What would/have I done when it happens?
Made the dog extremely sorry it ever even thought it was a good idea, washed it out and applied the above.

I have no interest in a dog that is mental enough to come up the leash at me from a correction (if the correction was appropriately given).  The only time I excuse a bite from one of my dogs is if I hurt them, like jamming the tail in the door, or if I am breaking up a fight.

Luckily as I have grown up all my life with dogs, I can read their body language automatically, so I will usually see the bite coming and prevent the dog actually getting contact without thinking and then make it very clear it is not happening today or any day, if I have to for safety, it gets a dig in the ribs.

Basically in my opinion if a dog is coming up the leash at me, I am doing something very wrong. 
It hasn't happened to me in a long time, it will probably happen now, oh great...........


----------



## Nicole Stark (Jul 22, 2009)

georgia estes said:


> I'd like to hear opinions and stories of people who have dealt with this and how they overcame it or just let it be.
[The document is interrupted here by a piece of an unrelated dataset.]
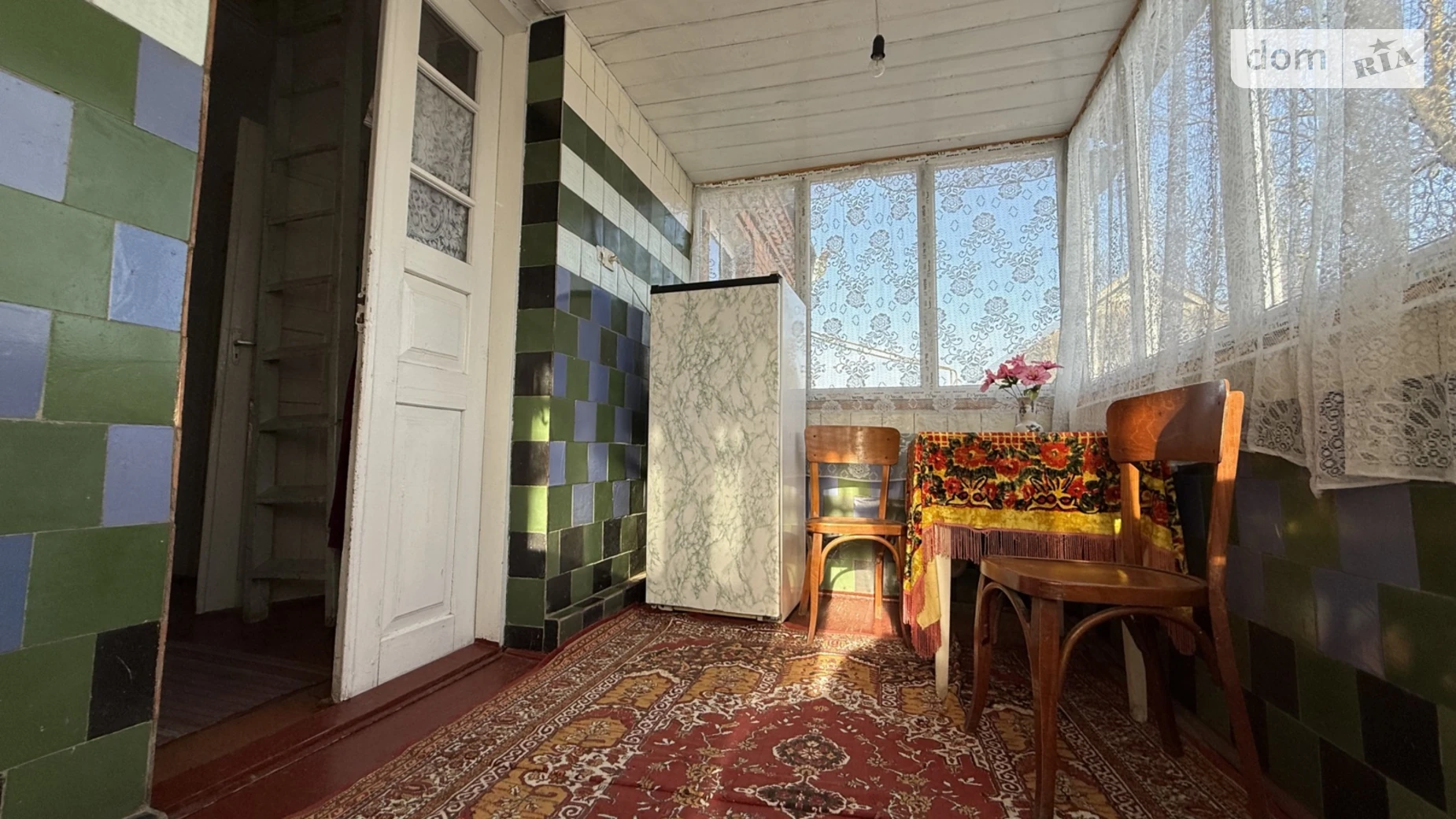 Подільська Гвардейское, цена: 23500 $ - фото 3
Here's a scenario, someone has a very strong, hard, large dog who comes up the leash with a vengeance with an e collar correction. I'm not talking a nip, I mean a 'your ass is mine' kind of bite.
> 
> How many of you would 1. do something hardcore to try and make the dog submit to you/realize who's boss etc 2. let it be and do not use electric or 3..something else? Also curious when dealing with #1 how many people have actually had success making a truly hard handler aggressive dog submit permanently. I hear all the time 'just choke him out when he does that' .. how many of you can choke out an 80lb dog when he's got one of your arms in a full grip and is serious about hurting you?
> 
> How many of you just accept that's what the dog is and find ways to train around it because you don't want to battle an 80lb dog and lose? No right or wrong answers, just curious because I know many people on here have some pretty serious animals and I saw some handler aggression problems the other night that got me thinking.


Georgia, I've seen a dog do that a number of times from an e collar stim. It was always a single bite however not a full blown attack. Nothing was done. I also know that certain training styles almost seem to push dogs in to this type of behavior. Three different dogs, same owner you tell me if there any possibility a particular training style or set of interactions can cause that.

Ive seen people hang or choke the dogs out. But you or someone else asked what other methods might be used. This is isn't something I'd do but we had the young Dutch loose in a training room to "get over herself". I think the TD thought if she just had time to come in and check things out for a bit she might settle in a bit.

That didn't work so well. She immediately found the equipment bag amd tried to get into it. When that didn't work she did a cute little HB with it. Then she realized he was there just casually no equipment or anything so she moved to him and started with that and when that didn't work she launched at him to activate him. Before I knew it she had been pushed away and then she's back at him now biting, up in then air she goes and back on the ground with a knee in her side head pressed into the ground with a twisted collar. I bring that story up because he has used that technique on a few dogs.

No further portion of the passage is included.